##### Data records

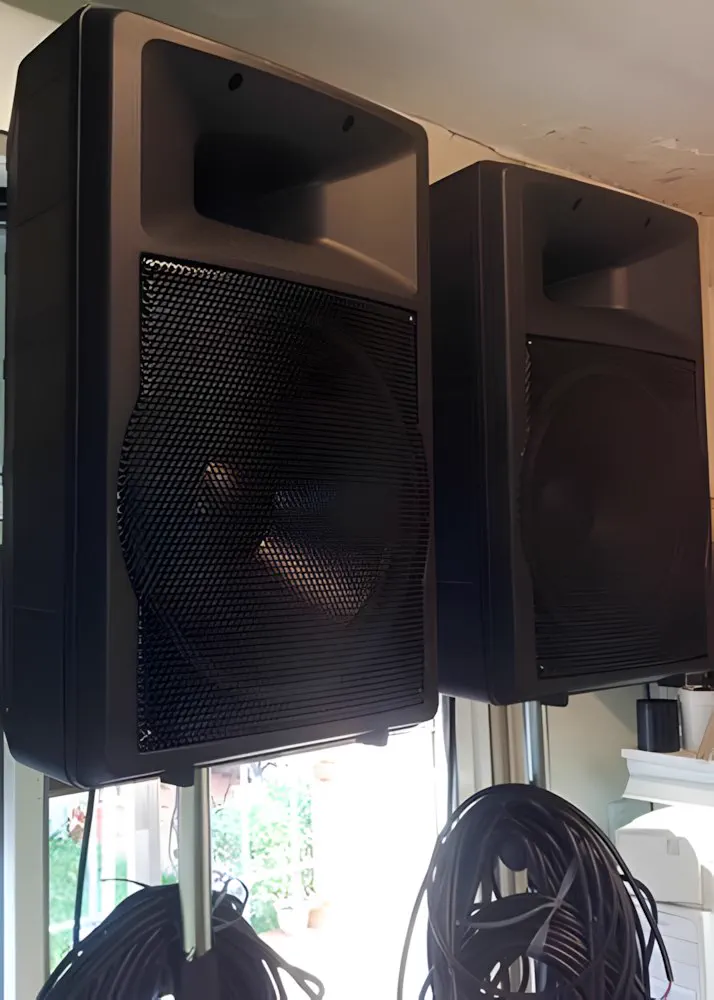 Los parlantes del sistema móvil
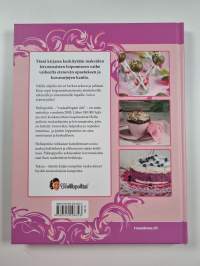 Koko perheen leivontakirja
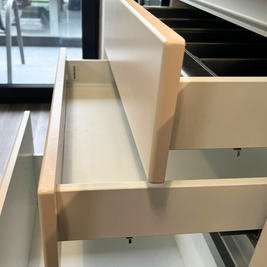 Mobilier la comandă pentru bucătărie NORVINIA, cu mânere tip profil GOLA și blat din cuarț compozit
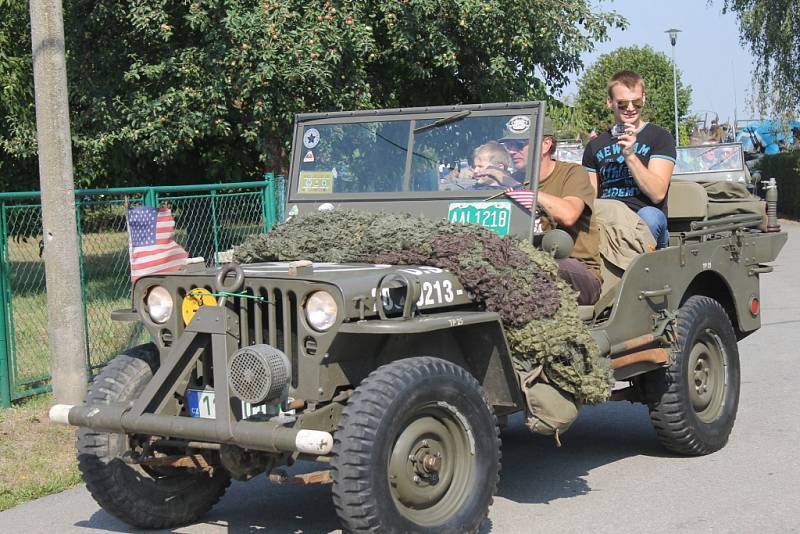 Deváté setkání příznivců US Army v Drahňovicích. 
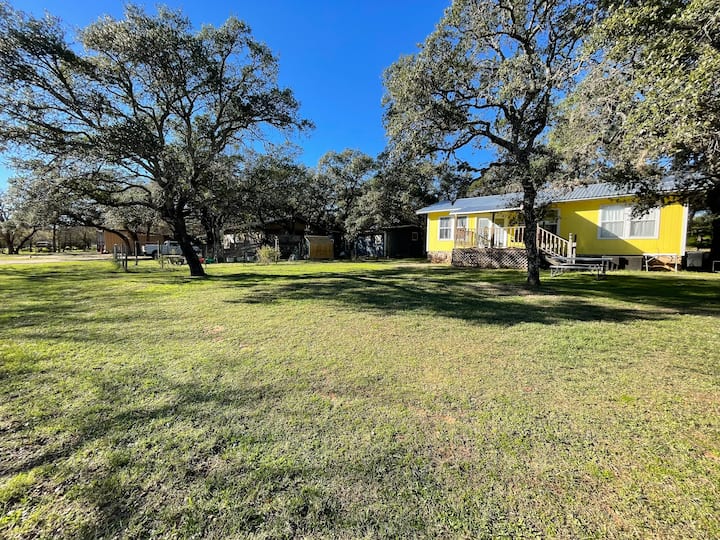 Buttercup Lake House Cottages for Rent in Texas, United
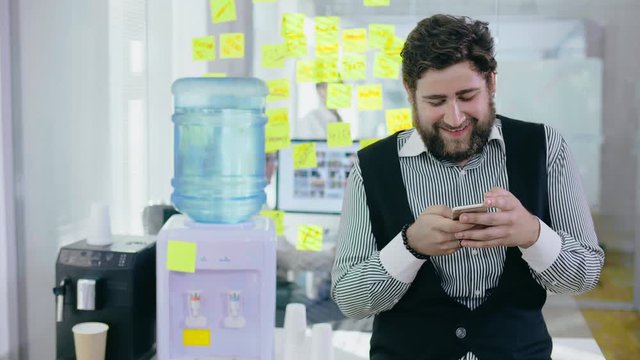 Manager in large business company shirks from work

##########

● Assigned task:
All that is needed is an exact copy of the lines from the line with "Koko perheen leivontakirja" through the end of the listing, both ends included, with no pictures.

● Exercise answer:
 Koko perheen leivontakirja
 Mobilier la comandă pentru bucătărie NORVINIA, cu mânere tip profil GOLA și blat din cuarț compozit
 Deváté setkání příznivců US Army v Drahňovicích. 
 Buttercup Lake House Cottages for Rent in Texas, United
 Manager in large business company shirks from work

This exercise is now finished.